J Gen Virol. 1997 Mar;78 ( Pt 3):577-81. doi: 10.1099/0022-1317-78-3-577.
Comparative sequence analysis of a 354 nt fragment of the NS5 region of hepatitis G virus (HGV) isolates was performed to assess two levels of HGV genomic variability: (1) heterogeneity of HGV within an infected individual, and (2) heterogeneity of different HGV isolates. Comparison of nucleotide sequences of DNA clones from two virus isolates demonstrated that in each infected individual HGV is represented by a population of virions with closely related but heterogeneous genomes (quasi-species). Phylogenetic analysis of nucleotide sequences of 42 isolates collected from 14 countries revealed less significant genome variability of HGV as compared to hepatitis C virus. Sequences of all HGV isolates fell into one group of distribution of evolutionary distances. On a phylogenetic tree all HGV sequences segregated into numerous branches. All sequences of isolates from Africa, South and South-East Asia, however, were clustered together and were separated from those of other isolates collected in Europe, North America and Central Asia.

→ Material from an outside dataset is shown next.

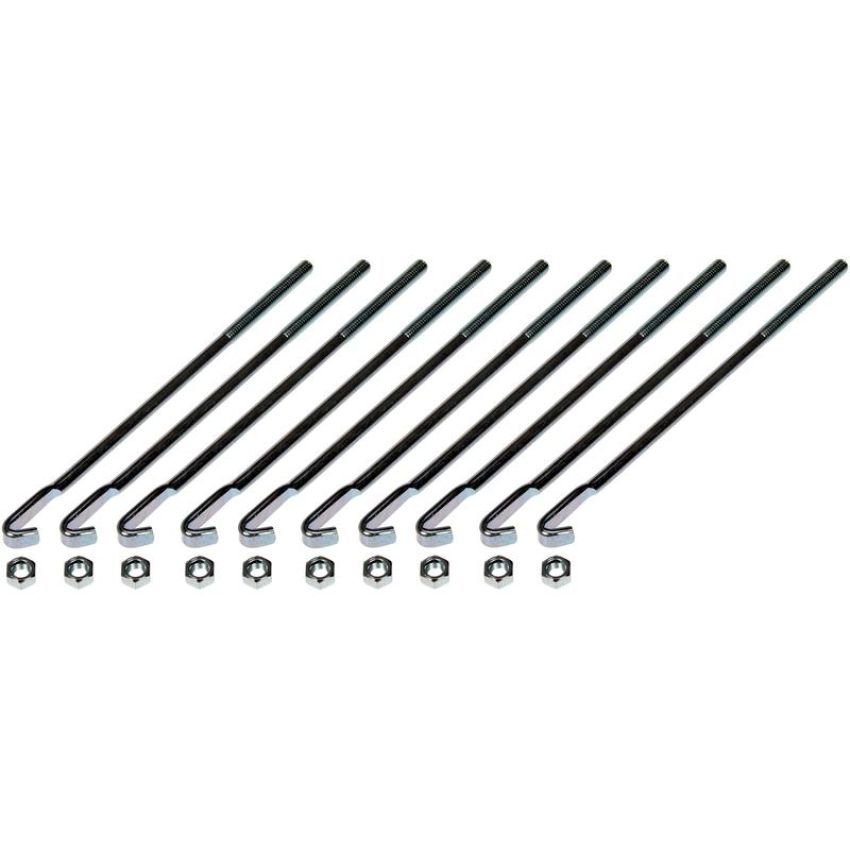 DORMAN 390-015 5/16-18 In. X 8-3/4 In. X 2-1/4 In. Battery Hold Down Bolt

对庚型肝炎病毒(HGV)分离株NS5区域的354个核苷酸片段进行了比较序列分析,以评估HGV基因组变异的两个层面:(1)感染个体内HGV的异质性,以及(2)不同HGV分离株的异质性。对来自两种病毒分离株的DNA克隆的核苷酸序列进行比较表明,在每个感染个体中,HGV由一群具有密切相关但异质基因组的病毒粒子(准种)代表。对从14个国家收集的42个分离株的核苷酸序列进行系统发育分析表明,与丙型肝炎病毒相比,HGV的基因组变异不太显著。所有HGV分离株的序列都属于进化距离分布的一组。在系统发育树上,所有HGV序列都分成许多分支。然而,来自非洲、南亚和东南亚的分离株的所有序列都聚集在一起,并与在欧洲、北美和中亚收集的其他分离株的序列分开。